L’autore si mette totalmente a nudo e svela senza alcun pudore il rapporto simbiotico che viveva con la madre: un legame profondo, saldo, unico. Nelle prime pagine si lascia andare ai ricordi d’infanzia, per poi proseguire arrivando alla vita adulta: il viaggio di una vita che Schmitt compie sempre accompagnato dalla propria madre. Con lei condivide numerose passioni, dalla lettura allo sport fino al teatro – sarà proprio la madre a portare lui e la sorella, da bambini, a vedere un’opera teatrale, suscitando l’incanto verso il palcoscenico che diverrà il perno fondamentale di tutta l’attività artistica dell’autore.
Perdere una madre è un lutto che va oltre la disperazione del momento: è un'assenza che risuona nel tempo per anni, se non per sempre. Sul significato della perdita, in un libro tra romanzo e autofiction, riflette l'autore con una profondità inusuale e senza vergogna.
Ritroviamo il solito stile elegante e filosofico a cui l’autore ci ha abituati nei suoi precedenti libri (Monsieur Ibrahim e i fiori del Corano e La parte dell’altro, giusto per citarne alcuni). Quest’opera è ricca di aforismi e massime sulla vita e sulla morte: «Idiozia della tristezza: segnala solo quello che ci manca. Col dito puntato sull’assenza, indica ciò che non è più. Ossessionata dal nulla. Intelligenza della gioia: indica ciò che c’è. Con gli occhi aperti, si stupisce di essere e di avere ciò che ha. Meravigliata. Per la tristezza il mondo è vuoto, per la gioia è pieno. La tristezza è una mocciosa che denigra. La gioia, una ragazzina che ammira. La tristezza è la smorfia che nega. La gioia, il sorriso che celebra.»
In questo diario intimista e violentemente sincero, Schmitt ci fa entrare nel suo mondo interiore senza riserve, né sconti: percorre tutte le fasi del lutto, dalla negazione di una realtà tanto dura da non poterla sopportare alla negoziazione con il dolore, fino ad arrivare, finalmente, all’accettazione.

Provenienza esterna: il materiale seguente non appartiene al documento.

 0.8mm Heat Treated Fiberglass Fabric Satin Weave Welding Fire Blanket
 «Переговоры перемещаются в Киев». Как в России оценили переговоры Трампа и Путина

Nel farlo, lascia che il lettore si immerga totalmente insieme a lui nella disperazione, nelle notti insonni e persino nei suoi pensieri suicidi.
Questo libro, ibrido tra romanzo di formazione e autofiction, rappresenta anche un vero e proprio dietro le quinte sull’attività di scrittura e recitazione dell’autore/attore: negli anni successivi al lutto, mentre gira il mondo in tournée, l’autore si lascia andare a numerose riflessioni sulla scrittura e sul mestiere attoriale. Nel frattempo dalla sua penna scaturiranno anche altri due romanzi: Félix e la fonte invisibile e Madame Pylinska e il segreto di Chopin. A salvarlo, ancora una volta, sarà la sua più fedele compagna: la scrittura.